Meaning, we smile, you smile, you accept that there is nothing wrong with the strong not waiting for the weak, it is clearly the way of the world. You have to keep up, or you die. In the end, you did not die, all’s well that ends well and you go out for a nice meal, pretending, for the sake of old friendship, that nothing is amiss. Why get angry just because you were treated thoughtlessly? This is a lesson you learned as a baby, you show you’re fine by acting fine and everything is as fine as it can be.
Being abandoned emotionally when you feel most in need of reassurance from loved ones, is that something you should ever accept? Imagine what is going through the minds of those who turn away when they know you are most in need. Imagine what makes them so angry afterward that you can be so unfair as to question their love just because they didn’t reach out after they promised to. Imagine the immensity of the damage that makes someone act like that.
Whatever it was, can you really accept a lack of basic empathy from a person who claims to love you? It harms you in a place where healing is very difficult, it attacks your ability to trust.
I feel great fear for the adult son of parents who live by this ruthless credo of strength and shifting all blame to others. The son feels he lacks the basic strength of an ordinary person, because, in fundamental ways, he has always been struggling to keep up with the illusion of vigor, indomitability and self-sufficiency his parents have set before him.

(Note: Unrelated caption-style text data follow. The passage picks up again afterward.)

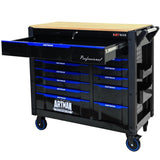 ZNTS 12-Layer Drawer Multi-purpose Tool Car, With Wheels, Wooden Countertops W1102P174872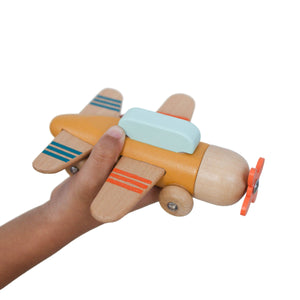 Airplane Toy Gold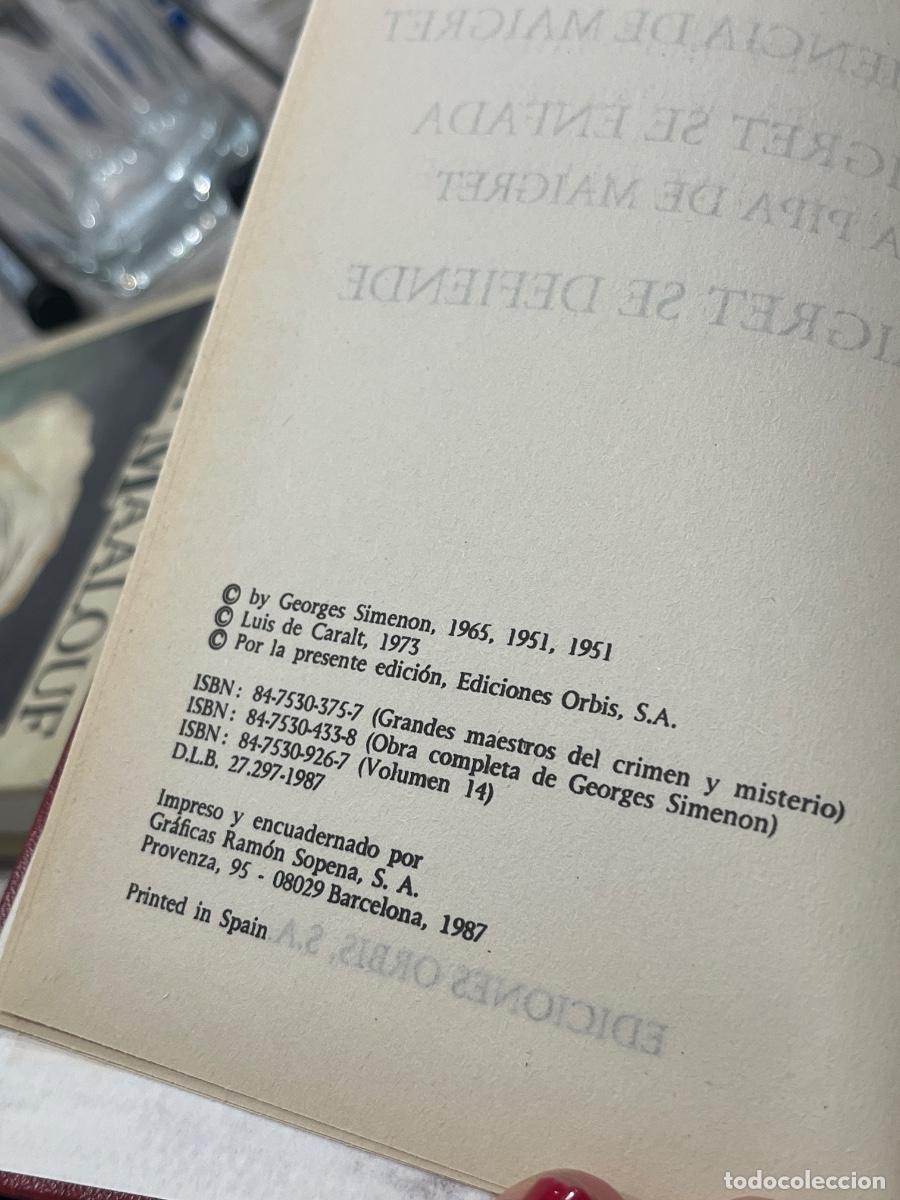 Libros de segunda mano: Libro Comisario Maigret | Georges Simenon | 1987 - Foto 3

If he can’t accept something as basic as that, maybe he’s not ready to take his place as heir to their good name. I wonder if they really meant to teach their children the ruthless truth that someone they love can be removed from the world because their parents insist, in spite of they guy being alive and well, and desperately hoping to speak to the one most clearly in danger, that he is fucking dead to them.
There are winners, son, and there are losers. Winners persevere, never hesitate, do whatever is necessary to win, they face their fear and conquer it with their will. You, sad to say, although we raised you to win, to keep up, to never pity yourself, do not seem able to do these things. We love you no matter what, of course, but you must accept that we had nothing to do with the sad state you are in now.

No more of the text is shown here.